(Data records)
§
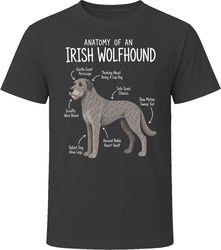 Anatomy of an Irish Wolfhound Funny Irish Wolfhound Dog Lover Gift T-Shirt Anatomy of an Irish Wolfhound Funny Irish Wolfhound Dog Lover Gift T-Shirt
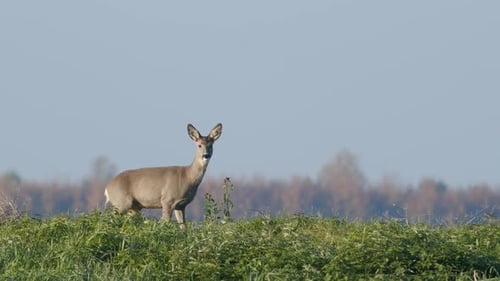 Common wild roe deer perfect closeup on meadow pasture autumn golden hour light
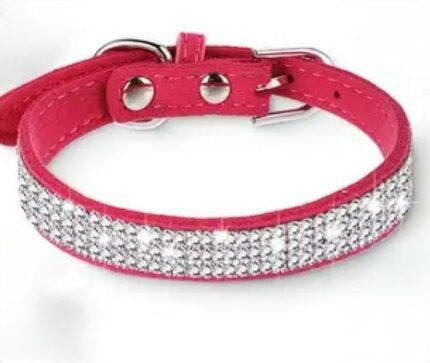 Collar decorado c/strass. Talle XS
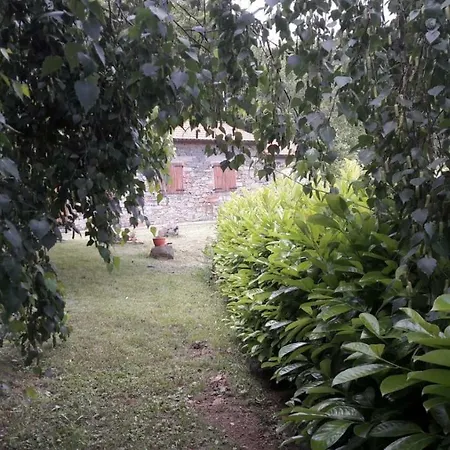 La Selva Di Nasio 말리아나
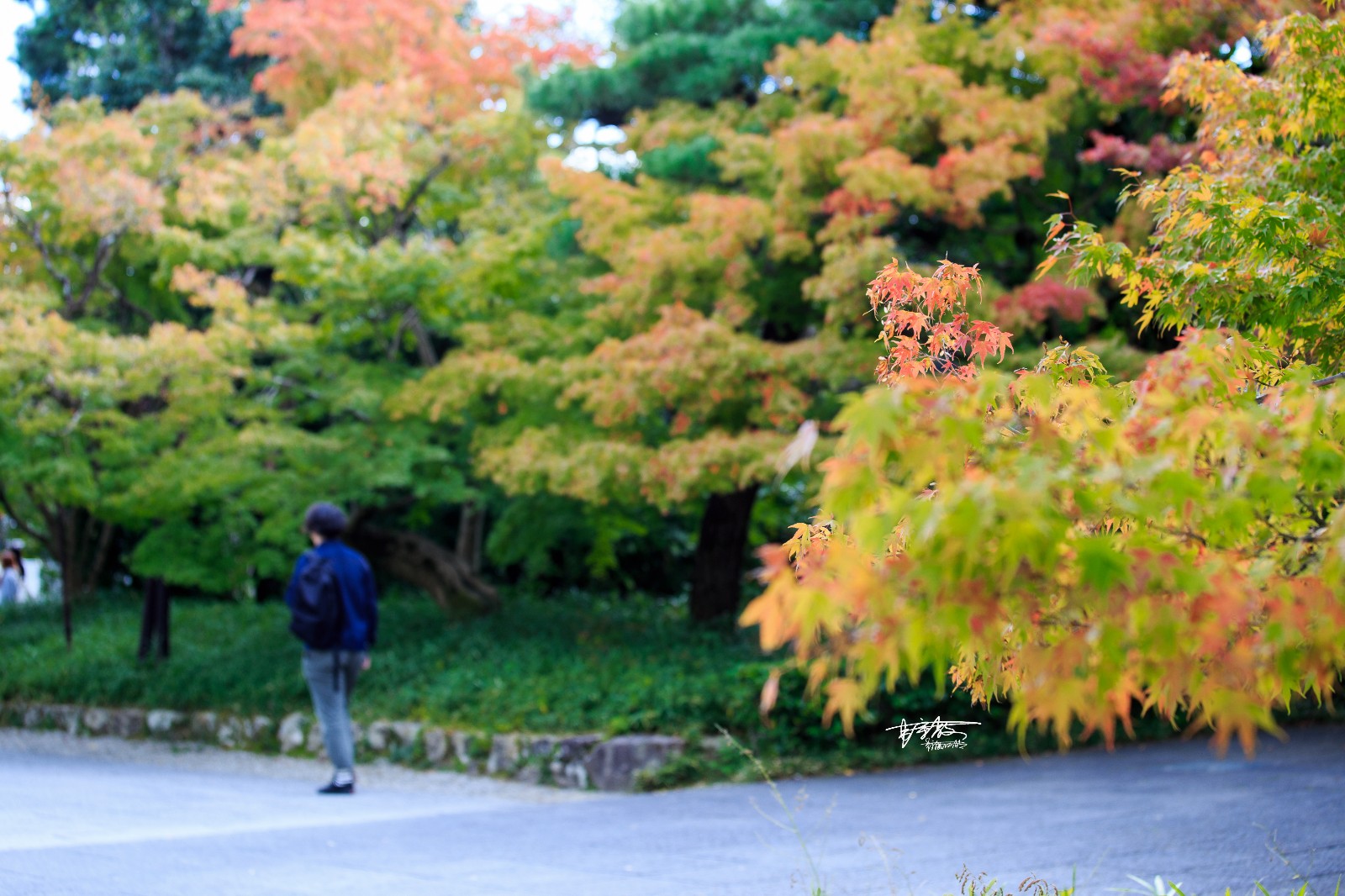 宇治不止抹茶,还有个印在10日元硬币上的地方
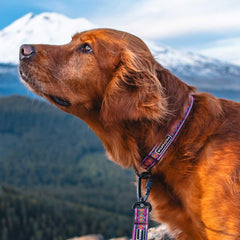Wilderdog Ultralight Collar Daybreak close look at rugged rope-strength and lightweight build.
§
**ACTION ITEM**
Return every entry above exactly as written, minus the pictures.

**RESULT**
 Anatomy of an Irish Wolfhound Funny Irish Wolfhound Dog Lover Gift T-Shirt Anatomy of an Irish Wolfhound Funny Irish Wolfhound Dog Lover Gift T-Shirt
 Common wild roe deer perfect closeup on meadow pasture autumn golden hour light
 Collar decorado c/strass. Talle XS
 La Selva Di Nasio 말리아나
 宇治不止抹茶,还有个印在10日元硬币上的地方
Wilderdog Ultralight Collar Daybreak close look at rugged rope-strength and lightweight build.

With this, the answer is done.